Stochastic resonance in higher-order networks driven by colored noise

Abstract

We investigate stochastic resonance (SR) in an ensemble of coupled overdamped bistable oscillators driven by colored noise. The networks incorporate the weighted contributions of both pairwise coupling and 2-simplex coupling. Our findings show that these higher-order interactions further exacerbate the suppression effect of colored noise on SR, reducing the peak of resonance curves and shifting the optimal noise intensity toward higher values.
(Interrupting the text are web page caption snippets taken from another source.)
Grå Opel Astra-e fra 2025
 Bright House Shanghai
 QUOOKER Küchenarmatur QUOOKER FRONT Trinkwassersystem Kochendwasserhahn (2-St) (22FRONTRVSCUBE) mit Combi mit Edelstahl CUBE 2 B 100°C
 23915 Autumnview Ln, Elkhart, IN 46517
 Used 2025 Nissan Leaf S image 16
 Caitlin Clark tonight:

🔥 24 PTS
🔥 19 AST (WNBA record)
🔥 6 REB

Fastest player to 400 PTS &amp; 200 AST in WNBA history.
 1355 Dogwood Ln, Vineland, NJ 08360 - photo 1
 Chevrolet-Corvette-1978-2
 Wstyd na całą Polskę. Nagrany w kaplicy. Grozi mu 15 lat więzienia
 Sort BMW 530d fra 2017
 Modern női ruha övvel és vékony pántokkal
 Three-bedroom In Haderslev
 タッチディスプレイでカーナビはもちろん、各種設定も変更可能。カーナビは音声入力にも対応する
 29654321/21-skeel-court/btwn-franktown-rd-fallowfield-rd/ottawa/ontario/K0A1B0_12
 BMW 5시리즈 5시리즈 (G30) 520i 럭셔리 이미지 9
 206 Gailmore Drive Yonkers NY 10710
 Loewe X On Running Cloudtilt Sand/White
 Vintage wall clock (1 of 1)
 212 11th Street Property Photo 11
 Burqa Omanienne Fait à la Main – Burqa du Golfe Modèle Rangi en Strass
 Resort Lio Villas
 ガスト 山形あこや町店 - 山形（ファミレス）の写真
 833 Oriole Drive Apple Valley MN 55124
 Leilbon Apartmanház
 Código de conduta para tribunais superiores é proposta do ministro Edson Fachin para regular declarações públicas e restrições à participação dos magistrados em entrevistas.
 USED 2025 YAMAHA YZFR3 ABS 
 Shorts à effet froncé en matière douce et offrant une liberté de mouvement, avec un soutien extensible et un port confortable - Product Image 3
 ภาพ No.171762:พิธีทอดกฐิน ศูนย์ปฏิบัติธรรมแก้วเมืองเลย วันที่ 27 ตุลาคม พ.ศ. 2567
To clarify the underlying mechanism, we establish a close connection between SR and the four-stage variation in network synchronization level. Specially, the synchronization extremes explain the effect of higher-order coupling and colored noise on SR. Our analysis reveals that higher-order interactions do not reverse, but primarily promote the spatial propagation of suppression effects due to colored noise.

Figures (8)

• Figure 1: Mean-field time series $X(t)$ on the higher-order network (1) for different noise intensities $D$. Parameters: $A=0.2$, $\Omega=0.1$, $N=50$, $\alpha=1$, $\sigma=0.1$. From top to bottom, $D=0.06,\,0.16,\,0.60$. (a) White noise (white-noise limit $\tau=0$); (b) Colored noise ($\tau=0.5$). The red curves in panels (a2) and (b2) show the external periodic forcing $A\sin(\Omega t)$.
• Figure 2: Spectral amplification factor $S$ versus noise intensity $D$ for different correlation time $\tau$ on the higher-order network (1), $\alpha=1$. (a) Representative curves for $\tau=0,\,0.1,\,0.2$. (b) Heat map of $S$ in the parameter plane $(D,\tau)$. Other parameters: $A=0.2$, $\Omega=0.1$, $N=50$, $\sigma=0.1$.
• Figure 3: Spectral amplification factor $S$ versus noise intensity $D$ for different weight $\alpha$ of higher-order interactions in the network (1). (a) Purely pairwise network ($\alpha=0$); (b) $\alpha=0.25$; (c) $\alpha=0.5$; (d) $\alpha=0.75$. For the white-noise case with the largest peak (best resonance) in each panel, the corresponding peak values indicated by red dashed lines are $S_{\mathrm{peak}}=15$, $14.2$, $13.5$, and $12.7$, respectively.
• Figure 4: Spectral amplification factor $S$ versus noise intensity $D$ for different coupling strengths $\sigma$ on the higher-order network ($\alpha=1$). Four values of the coupling strength are shown: $\sigma=0.05,\,0.1,\,0.2,\,0.4$. The solid and dotted lines indicate the results of $\tau=0.1$ and $\tau=0.2$, respectively.
• Figure 5: Effect of the correlation time $\tau$ on the spectral amplification factor in higher-order networks driven by power-limited colored noise. (a) $S$ versus $D^{\mathrm{pl}}$ for $\tau=0,\,0.1,\,0.2$; (b) $D^{\mathrm{pl}}_{\mathrm{optimal}}$ and $S_{\mathrm{peak}}$ versus $\tau$. Other parameters are the same as in Fig. \ref{['fig:fig2']}.